John Hopkins University and Northrop Grumman have been awarded contracts to help develop the National Cyber Range in conjunction with the Defense Advanced Research Projects Agency, better known as DARPA. While the military has engaged in cyber warfare training and war games in the past, the NCR represents a “formalization” of those efforts where soldiers can hone their computer warfare skills.

“DARPA is in the business of security. They have built what they think are good cyber defenses, and [the NCR] will let them put it into production,” said Ed Adams of Security Innovation, which has previously done cyber security work with the Department of Defense. “Think of it like the board game Risk. Instead of having little squares sitting on top of Brazil, you have virtual avatars sitting on a piece of data that you are assigned to protect.”

“Low level processor unit attacks are like attacking an individual foot soldier,” he continued. “A denial of service attack would be more like a mortar shelling or blitzkrieg.”

NCR personnel will develop and test a range of new virtual weapons and defenses against them and will also be able to test them in environments outside real-time, an important tool to effectively training cyber soldiers, said DARPA spokeswoman Jan Walker. “Sometimes you need to see how a computer program works faster than in real time,” she said. “Other times you want to slow down time because computers often take actions so quickly you can’t see what happened in real time.”

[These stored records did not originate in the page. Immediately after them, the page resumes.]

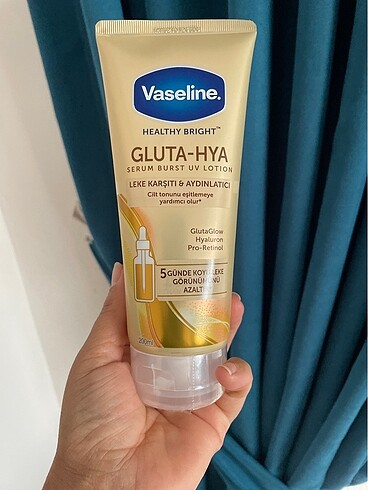 Vadelina gluta hya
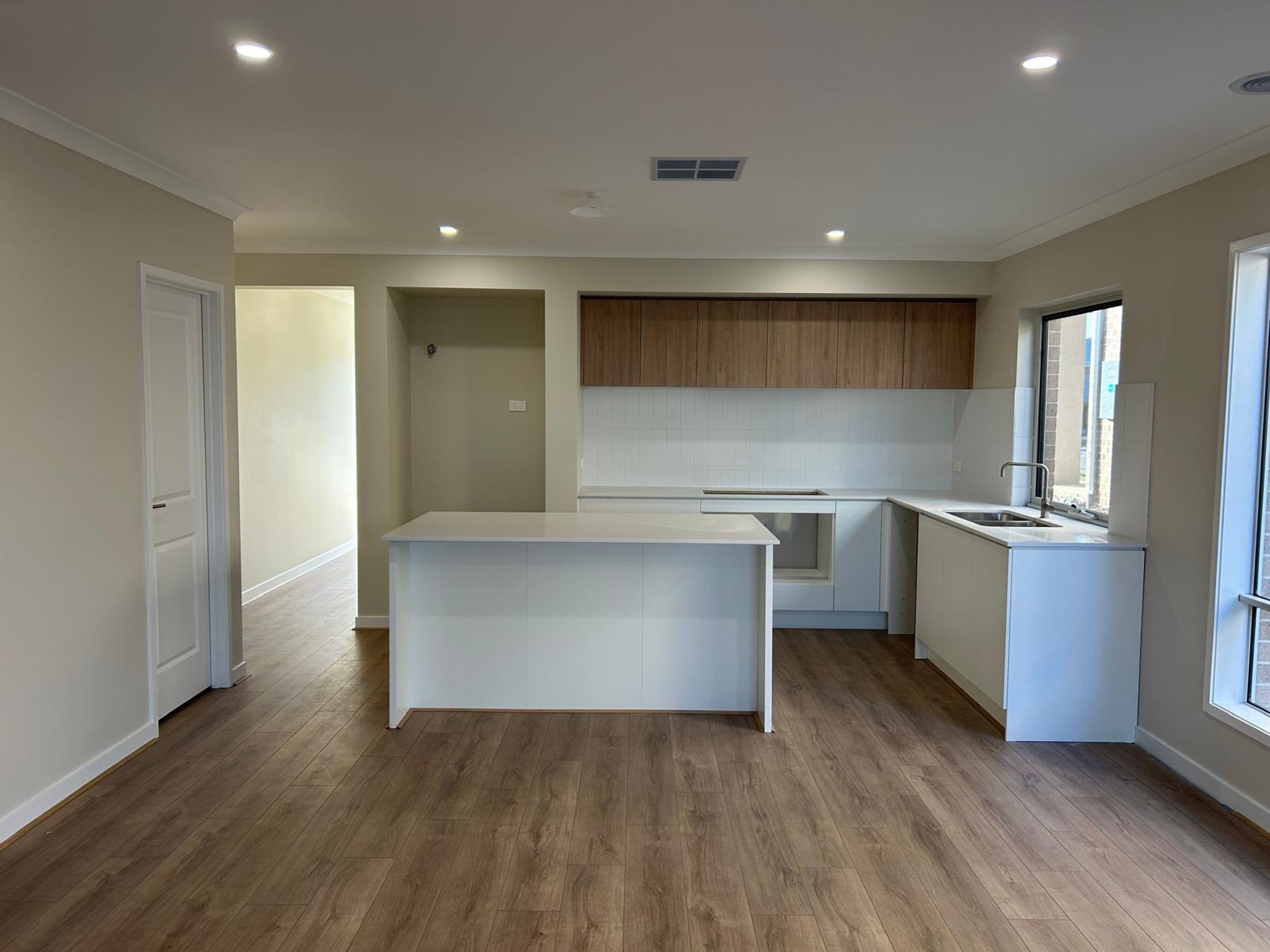10 Shakeal Way, Clyde North - Thumbnail 2
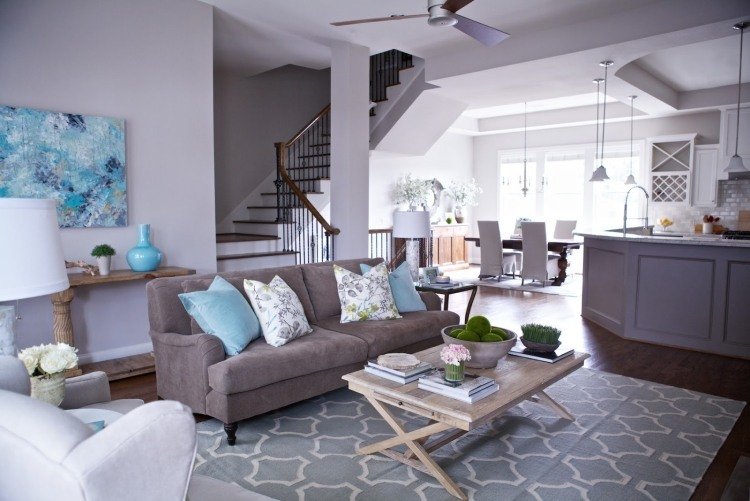 Cor da parede cinza-combinações-branco-claro-azul-carpete-sala-cozinha aberta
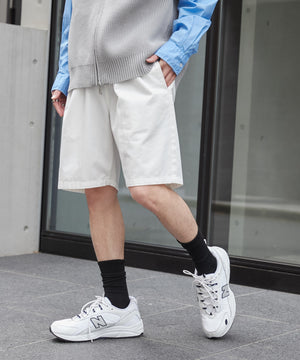 ホワイト モデル：172cm L着用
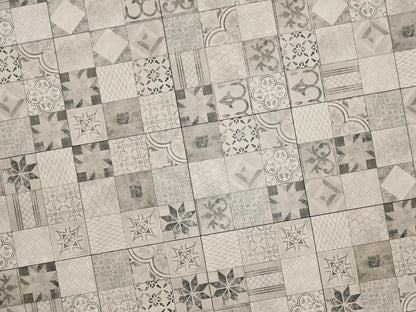 Verlegte CreativeLine-Platten in grau von Woehe & Heydemann in 60x60. Mosaik-Optik mit harmonischer Linienführung.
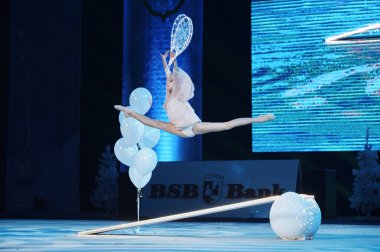 Kimliği belirsiz genç jimnastikçi, jimnastik, Minsk, Belarus 22 Aralık 2018 'Bebek-Cup Belswissbank' çocuk yarışmalarda yer aldığı.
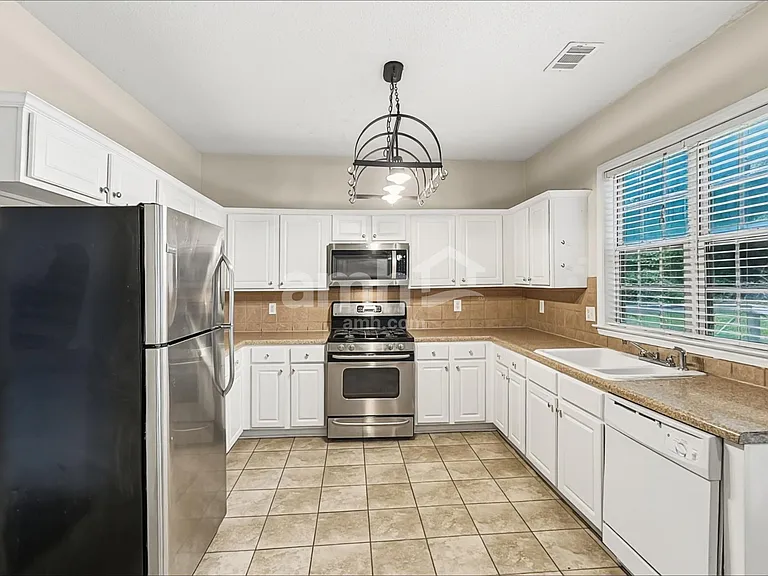 4180 Glenaire Way NW — Photo 4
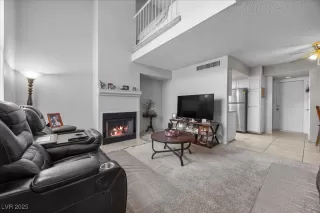 Photo #2: 2718656 Listing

Established in 1958 in response to the Soviet launch of Sputnik, DARPA’s ongoing mission is to provide the U.S. Department of Defense with a technological edge over the militaries of other nations. Unlike most defense contractors which focus on specific projects or technology, DARPA focuses on long-range projects described as “high risk, high payoff” research. But despite their sometimes dubious apparent value, many DARPA projects have evolved into groundbreaking new technologies, perhaps most famously the ARPANET, predecessor to the internet.